- Task data

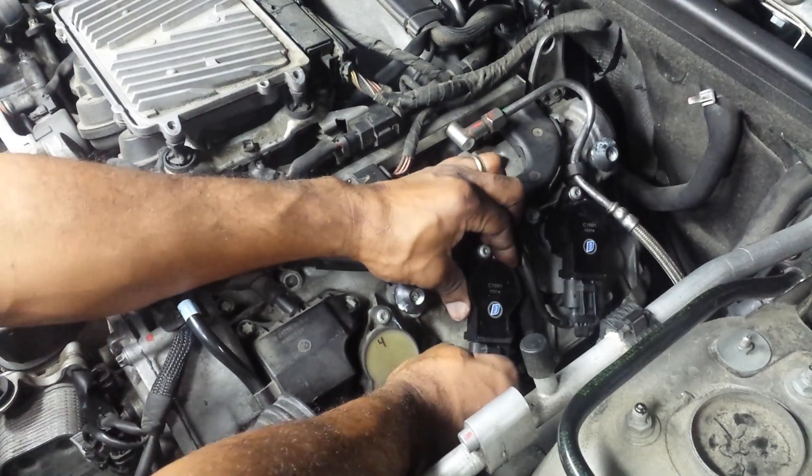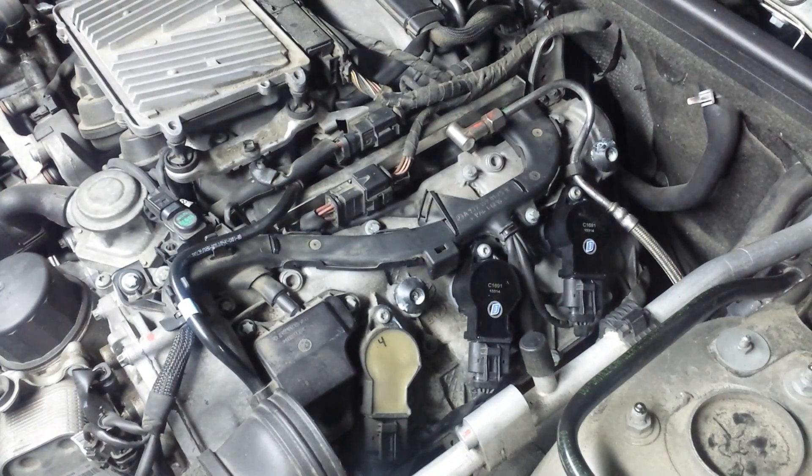Double-check your connections right now — make sure they're snug. Then the only thing left to do is to put back on the air intake filter cover and the cover.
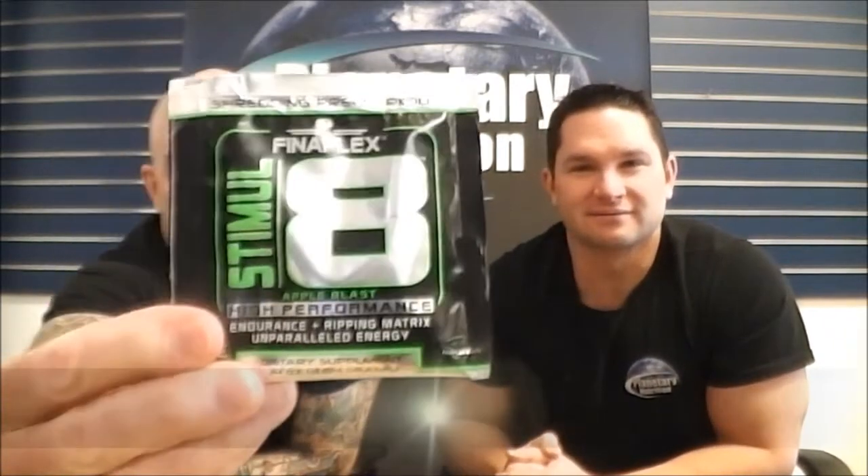What's up YouTube? Brad Jeff here, Planetary Nutrition, coming at you with a planetary review. Phenaflex Stimulate.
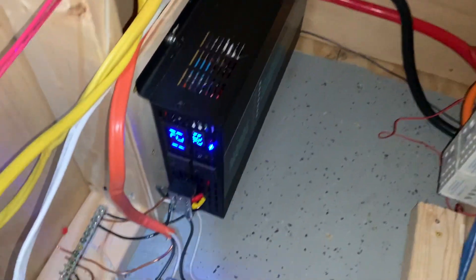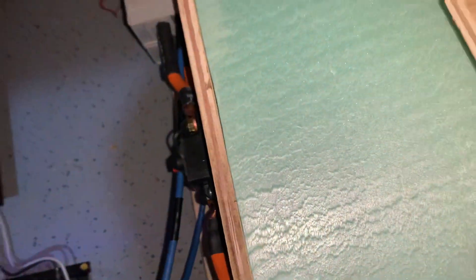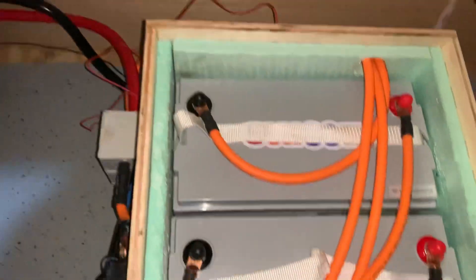Got my setup up and running — it's on battery bank. Let's see if we can get this foam out here. Three Zoom 100 amp hour batteries, lithium-ion phosphate.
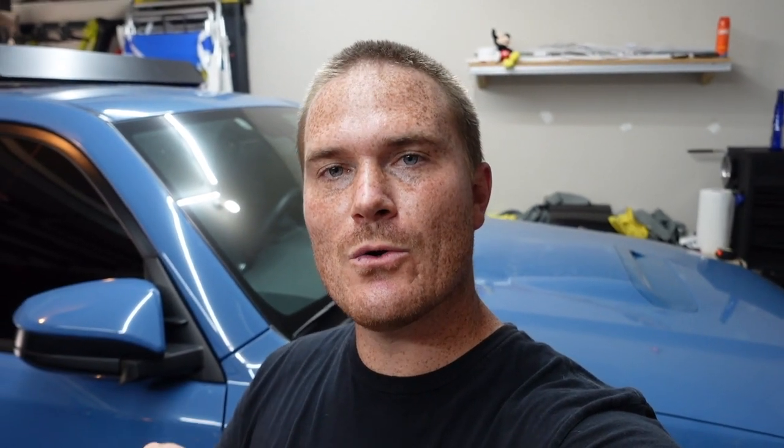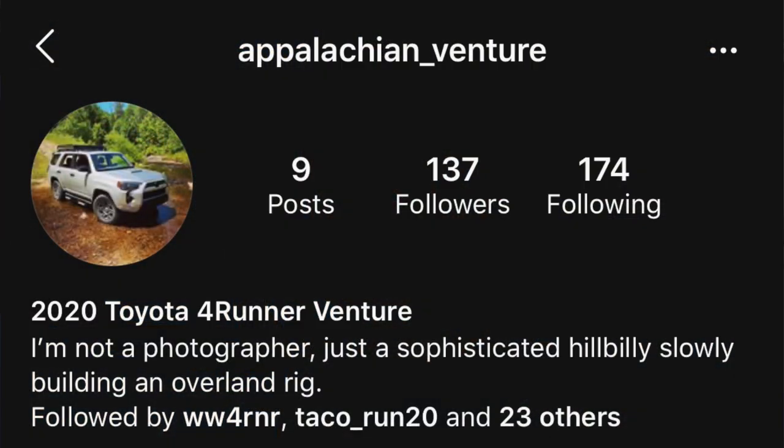I'll show you guys which avenues you should take with the AlphaRex headlights if you choose to go that route. So what is this public service announcement? I got DM'd on my Instagram — I'm not really in any of the forums or Facebook pages for the 4Runner. Someone named Appalachian Venture, I'll leave his Instagram in the description, let me know that with the 2020s there's a big issue right now with the screen scratching.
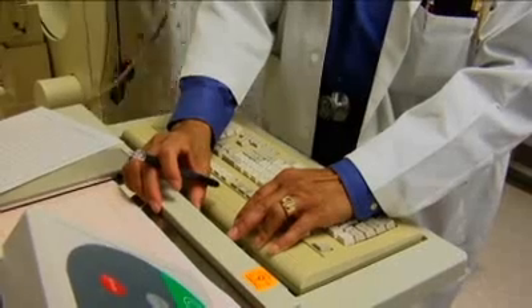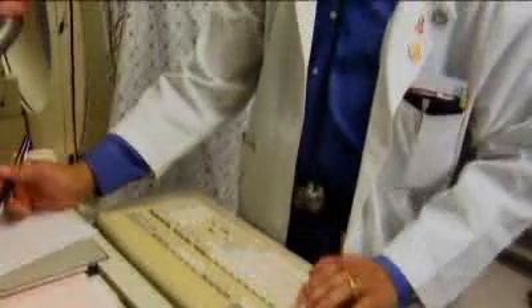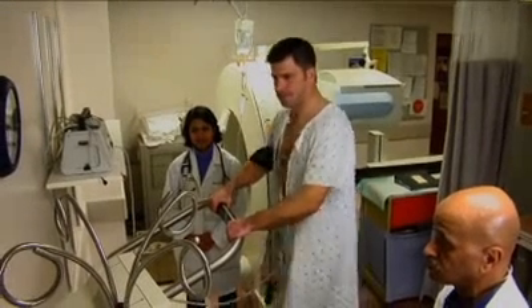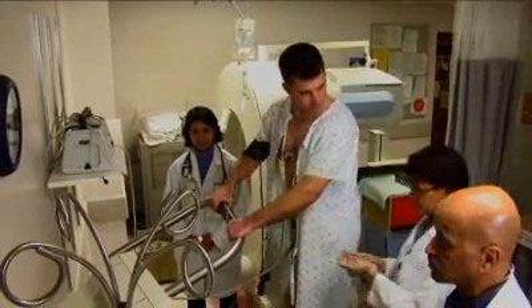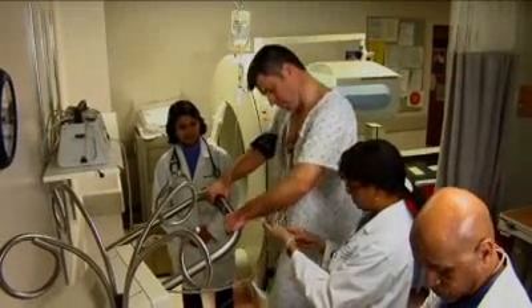When the two tests are combined, an assessment can be made of the status of the blood supply to your heart at rest as well as during stress. This can provide your doctor with information regarding whether or not you have significant blockages in your heart arteries. The test also includes an assessment of the pumping function of your heart.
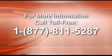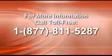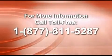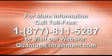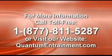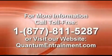If you'd like to know more about the Quantum Entrainment process, please feel free to contact us. Call us toll-free at 877-811-5287 or visit our website at quantumentrainment.com. Again, 877-811-5287.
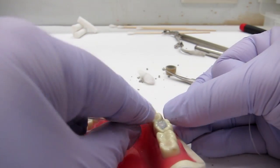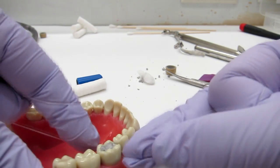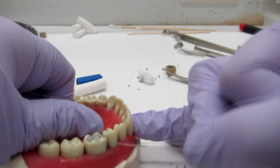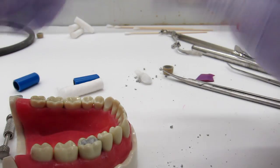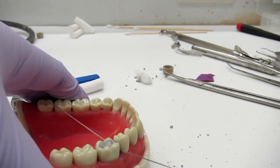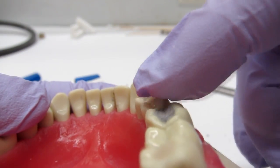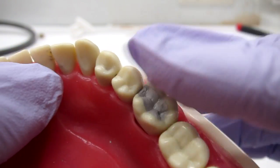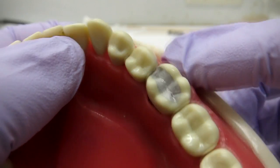Then pass floss very gently — you want to hear that snap. Make a C-shape on the side of the MO and also on the adjacent tooth because amalgam could have gotten stuck there. Don't pull up — pull out to the side. Do that a couple of times. Finally, make sure the central groove aligns with the rest of the central groove; that'll tell you if you need to carve more or if you've over-carved. Make sure the amalgam has the same contour as the remaining cusp — and that's it. Good luck!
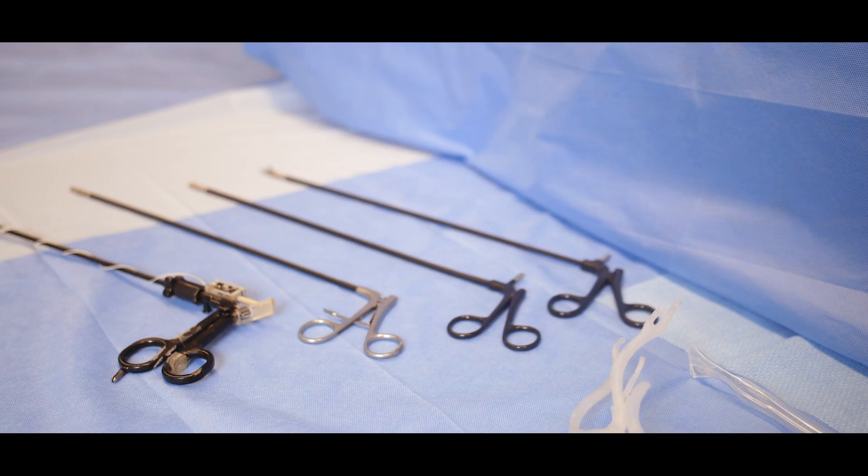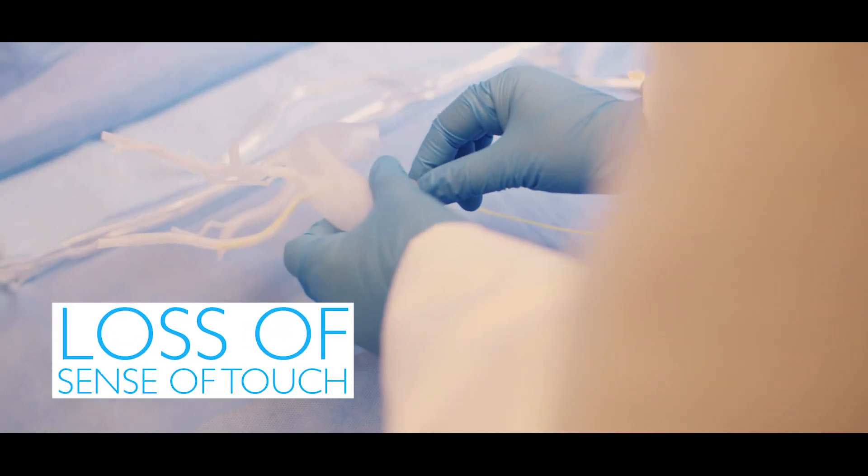The surgical instruments they use are like this. The problem with this instrument is that surgeons don't have the natural sense of touch like they used to have in open surgeries. There is a clinical need for recreating the sense of touch for surgeons during the surgery.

- Activity
Setting the pictures aside, return exactly the lines from the line with "When the two" through the last line of the listing above.

- Result of the task
When the two tests are combined, an assessment can be made of the status of the blood supply to your heart at rest as well as during stress. This can provide your doctor with information regarding whether or not you have significant blockages in your heart arteries. The test also includes an assessment of the pumping function of your heart.
If you'd like to know more about the Quantum Entrainment process, please feel free to contact us. Call us toll-free at 877-811-5287 or visit our website at quantumentrainment.com. Again, 877-811-5287.
Then pass floss very gently — you want to hear that snap. Make a C-shape on the side of the MO and also on the adjacent tooth because amalgam could have gotten stuck there. Don't pull up — pull out to the side. Do that a couple of times. Finally, make sure the central groove aligns with the rest of the central groove; that'll tell you if you need to carve more or if you've over-carved. Make sure the amalgam has the same contour as the remaining cusp — and that's it. Good luck!
The surgical instruments they use are like this. The problem with this instrument is that surgeons don't have the natural sense of touch like they used to have in open surgeries. There is a clinical need for recreating the sense of touch for surgeons during the surgery.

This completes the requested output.